ISSUE 8th: Approval of the appointment of a new member of the Audit Committee (in place of a resigned) by decision of the Board of Directors dated 15.4.2024 or election of another person to this position for the period until the end of the term of office of the Committee, according to article 44 §1(f) of Law 4449/2017, as in force.
A. BACKGROUND & CURRENT LEGAL FRAMEWORK
The Annual General Assembly of 7.8.2023 elected the members of the Audit Committee of the company, which was constituted as follows: a) Eleni – Penthesileia Tselenti, of Michael, independent non-executive member of the BoD, President, b) Iliana Tsioli of Vassiliou, third person – non-member of the Board of Directors and independent from the company within the meaning of article 9 §§1,2 of Law 4706/2020, as applied proportionally to the members of the Audit Committee (article 92 of Law 4706/2020), Member and c) Dimitrios Geravelis of Georgiou, independent non-executive member of the BoD, Member.
The member of the Audit Committee, Mrs. Iliana Tsioli, submitted her resignation with effect from 15.4.2024 and the Board of Directors at its meeting on the same day appointed Mrs. Konstantina Avrami as a temporary replacement – new member of the Audit Committee to replace the above resigned until the next General Assembly of shareholders, i.e. until the convened Annual General Assembly of 22.7.2024.

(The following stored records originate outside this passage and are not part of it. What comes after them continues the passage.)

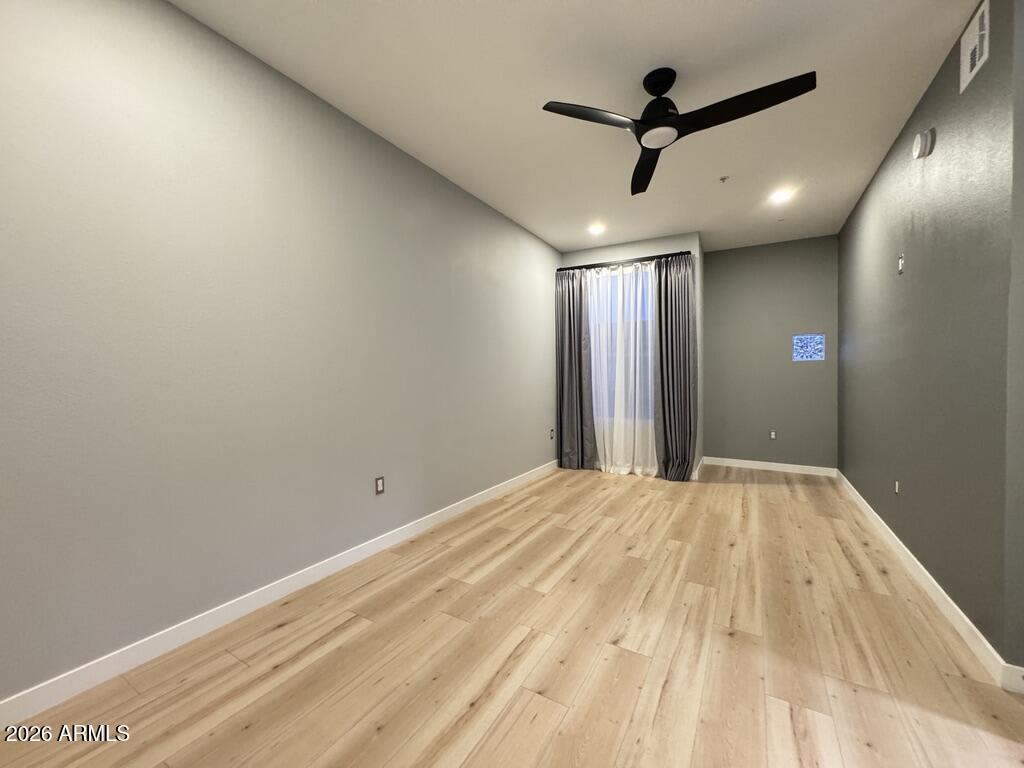 1701 East Colter Street, Unit 431 Phoenix, AZ 85016 - Photo 14 of 23 a view of empty room with wooden floor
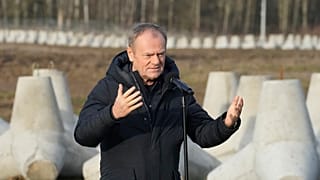 FILE - Poland's Prime Minister Donald Tusk speaks to reporters in Dabrowka, Poland, during a visit to Poland's border with Russia on Saturday Nov. 30, 2024.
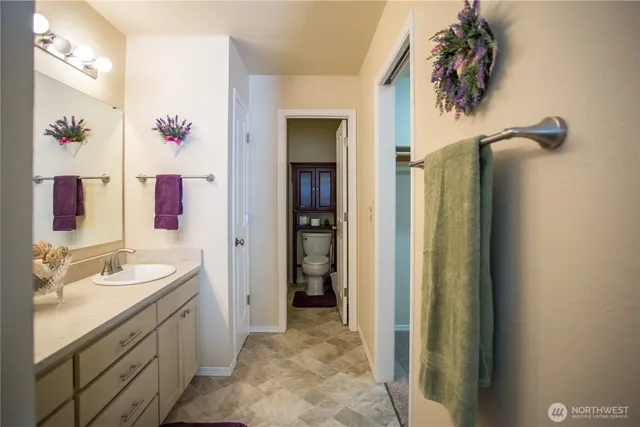 a bathroom with a sink vanity and a mirror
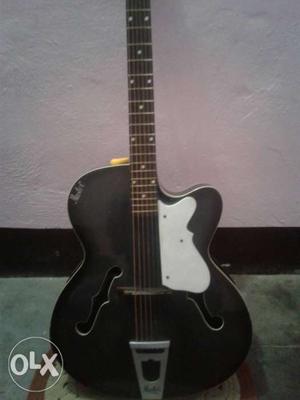 It is brand new spanish guitar 8 months used with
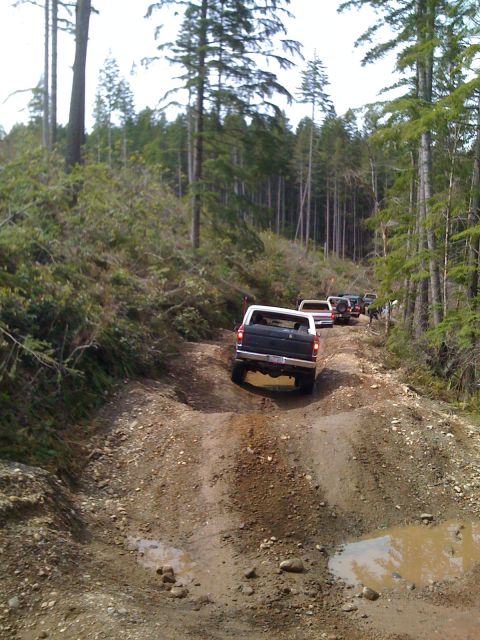 1992 Ford Bronco - A convoy of Ford Broncos navigates a challenging, muddy trail through a dense forest.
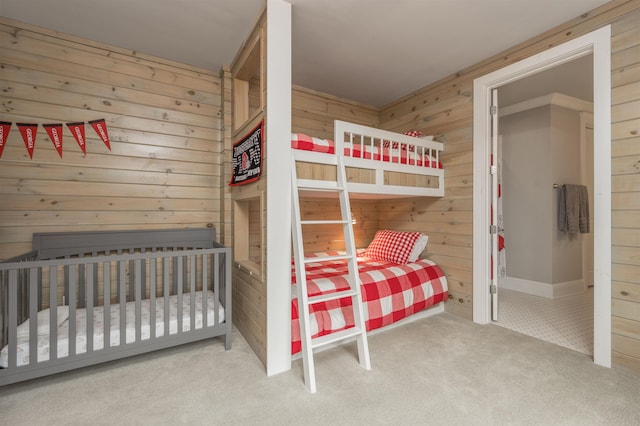 bedroom with carpet flooring and wood walls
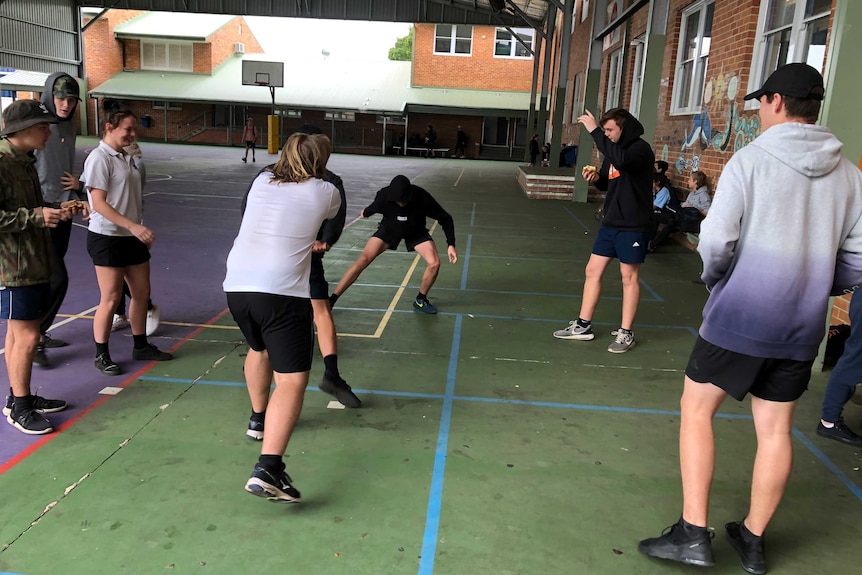 School students play handball in a playground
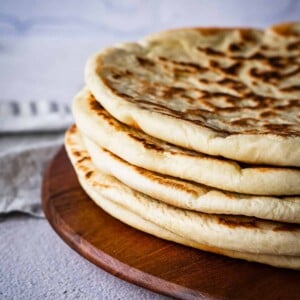 Stack of flatbread on a wooden board.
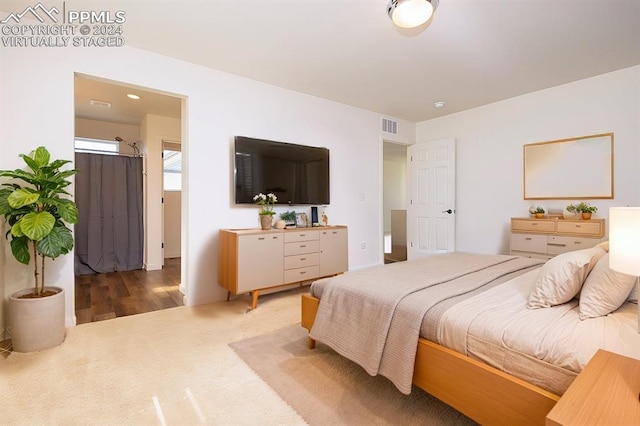 bedroom featuring wood-type flooring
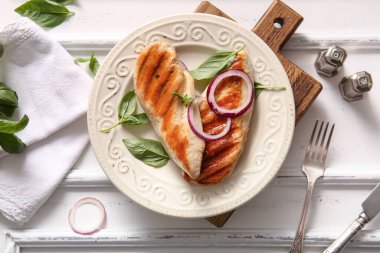 Lezzetli ızgara tavuk göğsü, beyaz arka planda fesleğen ve kırmızı soğan.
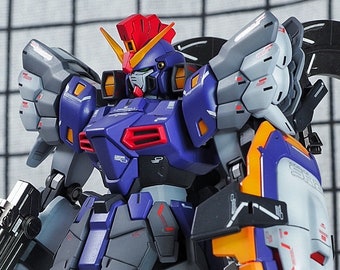 May include: A detailed model of a blue and white robot with orange and yellow accents. The robot has a large, black, curved tail and is holding a gun in its left hand.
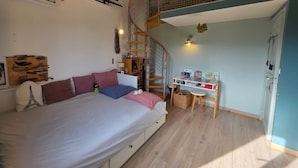 Una camera da letto con un letto, una scrivania, una scala a chiocciola e un soppalco.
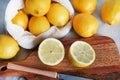 Whole and sliced lemons on a wooden board next to a knife Royalty Free Stock Photo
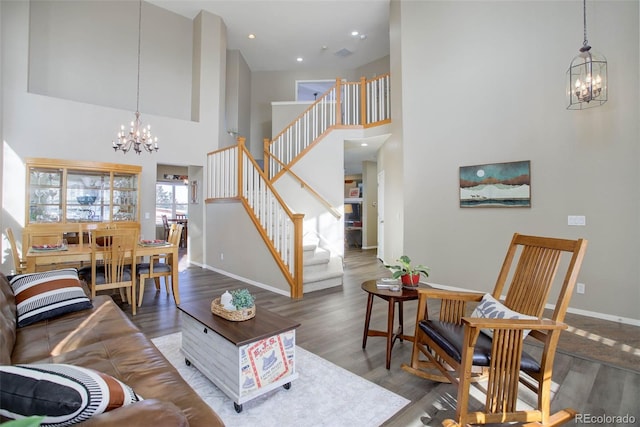 living room with wood-type flooring, an inviting chandelier, and a high ceiling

According to article 44 §1 (f), Law 4449/2017, as in force after its amendment by Law 4706/2020 and article 4 §4 of the Rules of Procedure of the Audit Committee as contained in the company’s Internal Rules of Operation, the Annual General Meeting of 22.7.2024 may either appoint the temporary replacement Konstantina Avrami as a member of the Audit Committee or elect another person, for the period until the end of its term of office, which has been set at 4 years until 07.08.2027, which may be automatically extended until the expiry of the deadline within which the Annual General Assembly of the year 2027 must be convened for the election of a new Board of Directors and a new Audit Committee.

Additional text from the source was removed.